The second part of the probe takes advantage of the physical layout of Starbucks and the fact that there is a “waiting place.” An empty basket, a basket of customer generated photos, a marker, envelopes, and simple instructions will be at the “waiting place.” The instructions ask customers to curate photographs into an envelope, write a few words of description or title on the envelope and then place it in the empty basket. No other prompts or information is evident. If asked employees will state that the images and stories will be used as decor for this location.
An analysis of the curated envelopes is now done. Again a search for patterns as well as the kinds of stories and information inscribed on the envelopes. Finally the photograph will be used as decorative elements within the store. Format depending on the actual content received.
The intent is that the probe will yield useful information while simultaneously building relationships with the patrons and increasing their sense of ownership and agency with this location.
Analysis of Initial Speculations: Assumptions
I assumed that there would be a reasonable amount of participation during each phase of the probe. This certainly may not be the case. For example the customers could steal all the cameras, which is its own kind of information. I am also assuming their is a relationship betwixt some baristas and customers that extends beyond commerce. While I am still confident it exists there may not be enough instances in one location for the probe to be useful.
I assumed that some kind of useful information could be gleaned from one if not both of the probe phases. This is highly speculative, especially in light of the photographic nature of the probe. Photographs are inherently subjective. The photographs culled by customers may be indecipherable and of limited interpretive value. The second phase of the probe was an attempt to mitigate this subjectivity by filtering the photographs through the lens of the customers.

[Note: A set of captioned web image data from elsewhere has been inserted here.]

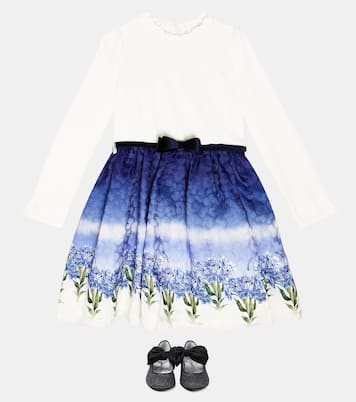 Bow-trimmed glitter ballet flats | Monnalisa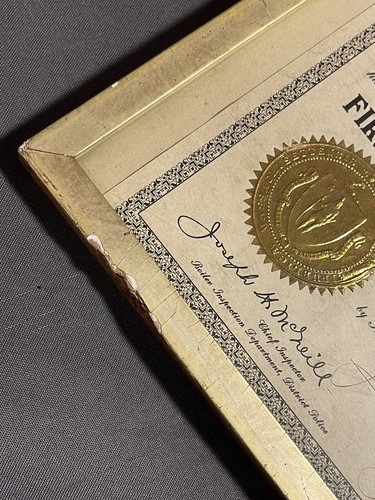 Antique Original Lemon Gold Frame w/ 1912 Engineer License  - Picture 9 of 13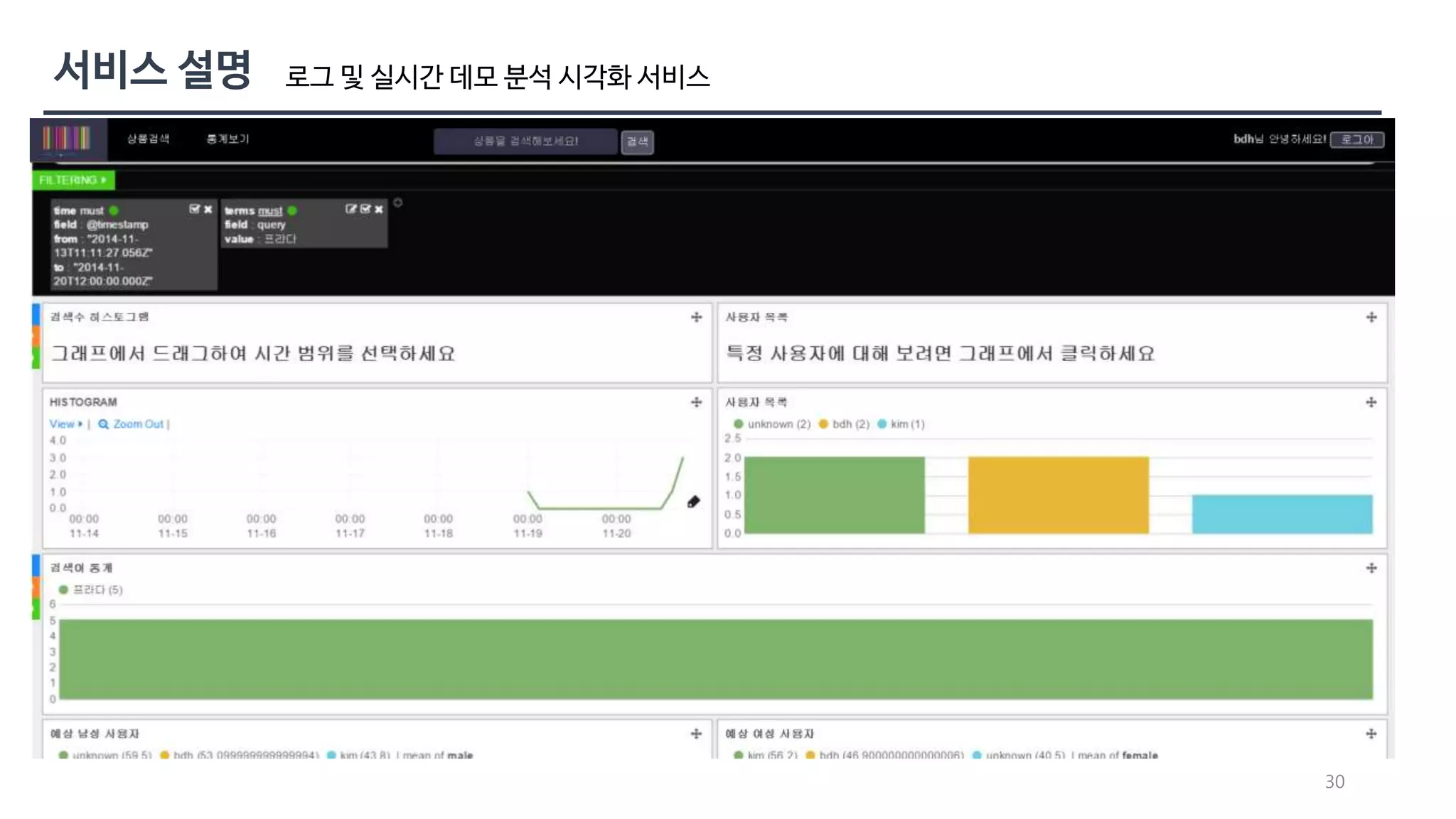 30 
로그 및 실시간 데모 분석 시각화 서비스 
검색어 클릭 
 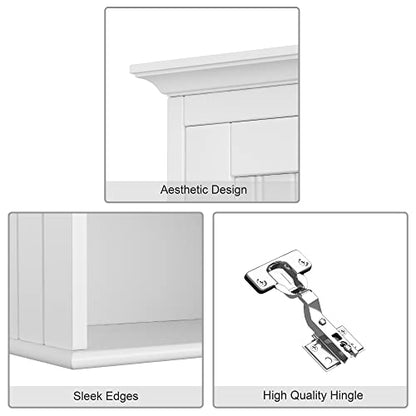 Treocho Wood Wall Cabinet, Bathroom Medicine Cabinet Storage with Doors and Adjustable Shelf, Rustic Cabinet Wall Mounted for Bathroom, Livingroom, Kitchen, Cupboard, White - color: White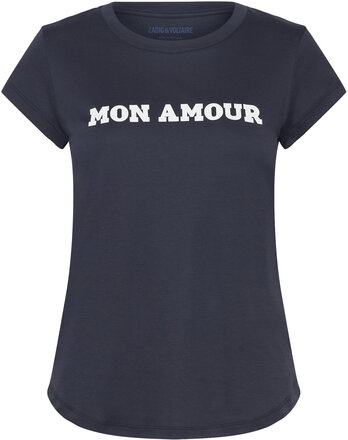 Woop Mon Amour T-shirts & Tops Short-sleeved Marineblå Zadig & Voltaire*Betinget Tilbud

I assumed I could present the intent of the probe in an engaging and understandable format. The earlier assumptions are speculative but I did actually execute this step. Feedback I received suggests that this assumption was false and more care may have been taken in the presentation to ensure everyone new exactly what I was intending.
Expectations
I expect that lots of really cool customers will take really cool photographs and that lots of patterns and overlap will be evident as well as some interesting surprises. Ex: lots of Starbuck customers wear bunny slippers. I also expect that the curation phase will yield interesting insights into how these patrons see the world and the kinds of words and stories they describe.
The probe is lacking in several areas. But, I believe the conceit of building off of a nascent trust is intriguing. The customer has agency the barista has agency. Win, win. I am also attached to what kind of amazing and weird photographs might be produced, and the total open-endness of it all. So if I am digging in heels there, how to tighten up the rest?
Issue One—Compared to Nothing
Even in a best case scenario where everything works the probe is living in a vacuum. One solution might be to give the barista a quick survey when they hand out each camera. A quick, informal, one page form that gleans at least some basic information about the customer. Bonus: this will also give us insight into baristas. Thus when the photos return they can be placed within this loose context. It provides the opportunity for the “familiar to made strange” which Barbara Savedoff talks about in Transforming Images, in a slightly different context but I think the idea is still compelling here. You can’t have a perspective change without an initial perspective.
Issue Two—Compared to Only Itself
Issue one compared the photos within their own context. I think a valuable avenue of exploration would be to execute the probe in other non-Starbuck locations for contrast. I think this step is what might actually make the photos the most revealing. How are Starbucks photos different from Global Village photos? The probe could be easily adapted to some other locations but might not be possible in Dunkin Donuts like locations where quicker exchanges, and less lingering tend to be prevalent.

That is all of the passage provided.